Michael Blackburn est un éclaireur du genre tête brûlée. Il a été envoyé en mission d'observation sur une colonie autarcique implantée sur une exoplanète.
Malheureusement, l'endroit lui est carrément hostile (ce qui était prévisible, de la part d'une colonie ne souhaitant plus donner de signes de vie) et il a été écroué. 
Le gouvernement totalitaire des lieux ne nourrit sans doute aucune envie de voir débarquer chez eux une armée terrienne déterminée à revendiquer ce monde et tout laisse donc à penser que le sort de Michael est scellé... 
Mais c'est compter sans les aptitudes du bonhomme qui n'hésitera pas une seconde à employer la manière forte pour s'évader, embarquant dans sa fuite Grace Moody, une jeune détenue amatrice d'homicides, pour jouer le rôle de guide indigène.
Il seront confrontés aux défenses de cette colonie à la fois futuriste et archaïque (les gars sont là depuis la fin de la seconde guerre mondiale et n'ont pas évolué dans le même sens que nous) et à la hargne de son président, Barrow, sorte de gros dictateur au physique proche de la vision qu'avait David Lynch du Baron Vladimir Harkonnen.
Ça va mutiler, égorger, étrangler, éclater des tronches, courir, voler, bondir, faire exploser des trucs et balancer des vannes et des punchlines comme dans un vieil actioner des années 80. Si vous cherchez de l'intelligence ou de la finesse, de la poésie ou du second degré... fuyez, pauvres fous ! Si vous êtes en manque de testostérone et d'adrénaline, par contre, ça peut faire la blague ; à condition de n'être pas trop regardant sur tout ce qui ne va pas...
Parce que, à mes yeux, le brave Warren Ellis (qui bossa par exemple sur Strange Killings chez Avatar Press, Gotham Knights chez DC, Vampirella chez Harris, Daredevil, Generation X, Iron Man, Carnage, Wolverine et Doctor Strange chez Marvel, The Authority et Gen 13 chez Wildstorm et bien, bien, bien d'autres titres, cf. notre grand dossier sur l'auteur) signe ici un scénario certes multivitaminé mais néanmoins terriblement paresseux.

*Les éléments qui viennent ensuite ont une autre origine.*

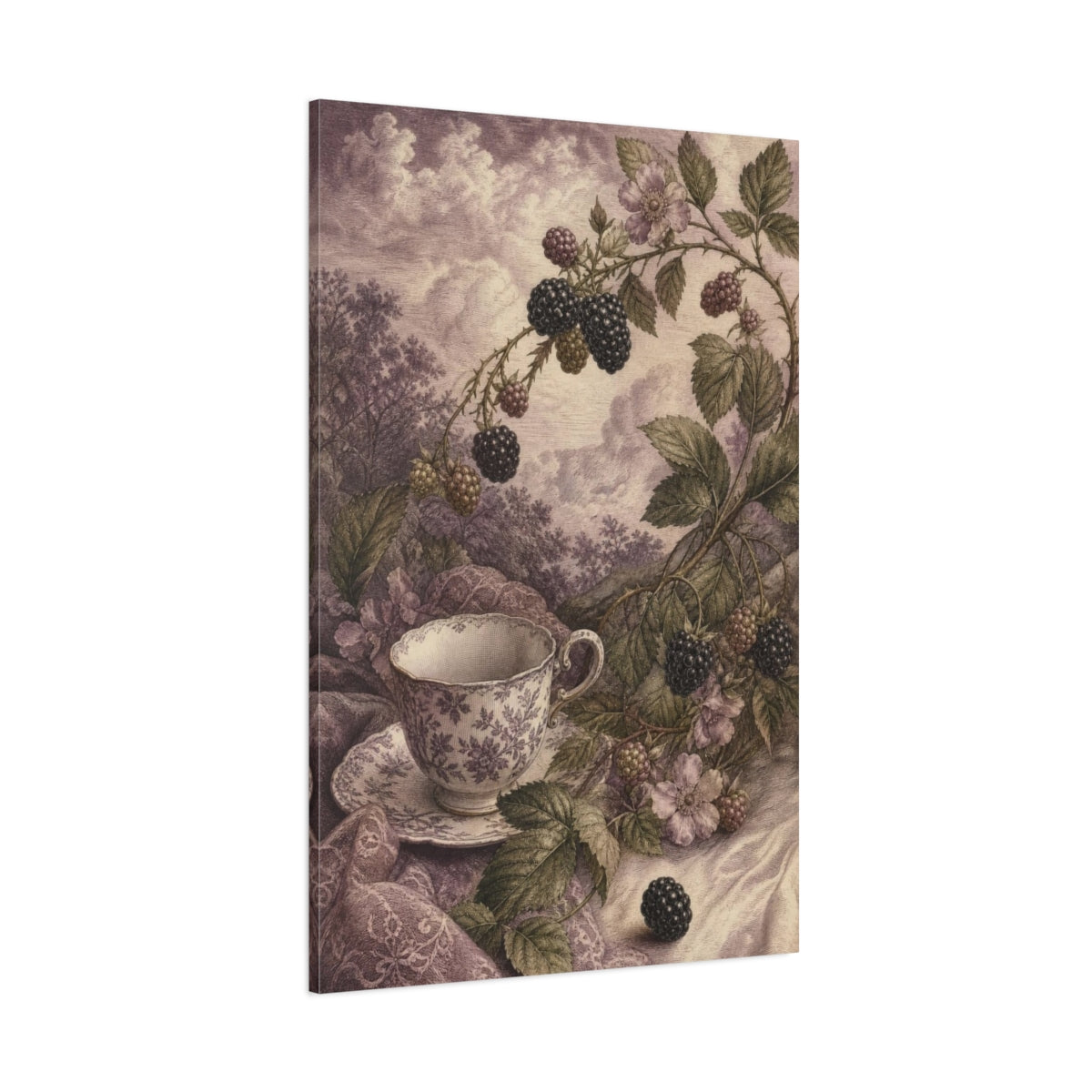 Side Mockup 1. Blackberry Tea Cup shown as canvas print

Il va falloir que je m'explique, je le crains...
Je suis de ces gens insupportables qui vous affirmeront, en vous regardant droit dans les yeux, que Mad Max Fury Road est un film parfaitement dispensable, voyez-vous...

Je sais, nombre d'entre vous vont vouloir m'arracher les yeux et les faire frire dans de l'huile de moteur frelatée pour cette seule déclaration mais qu'ils me laissent au préalable m'expliquer un peu... et nous verrons ensuite si ces messieurs-dames sont encore suffisamment remontés pour prendre le risque de m'approcher avec une cuillère à café spéciale, modèle "énucléation 3000".

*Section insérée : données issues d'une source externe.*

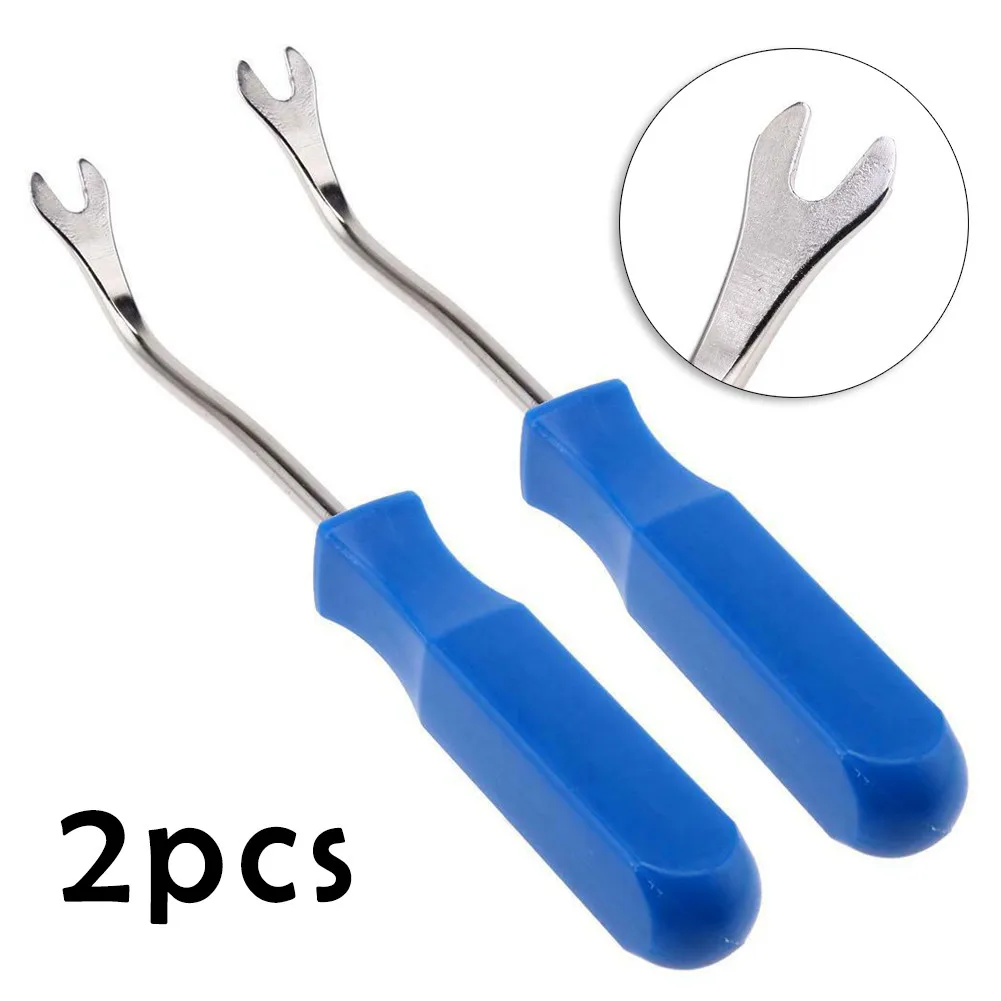 

2*Car Removal Tool Blue Car Door Trim Panel Fastener Nail Puller Removal Open Pry Tool Clip Plier 8.07inch Quickly Remove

Je sais pertinemment que le film est beau, que la mise en scène est efficace et inventive et que les effets spéciaux sont bluffants, je sais aussi qu'il porte un message et je reconnais la qualité de jeu des comédiens. Oui, oui, on est d'accord sur tous ces points. Et si ça vous suffit, grand bien vous fasse !
Mais ce n'est pas mon cas. J'ai besoin d'une vraie histoire avec un certain nombre de péripéties, avec quelques surprises et rebondissements, avec autre chose, en somme, qu'un aller-retour dans le désert parsemé de scènes d'action. C'est moi ; ce sont mes besoins...
Souffrez que je pense ainsi et souffrez d'une intense douleur au poignet si vous ne posez pas immédiatement cette cuillère chauffée à blanc !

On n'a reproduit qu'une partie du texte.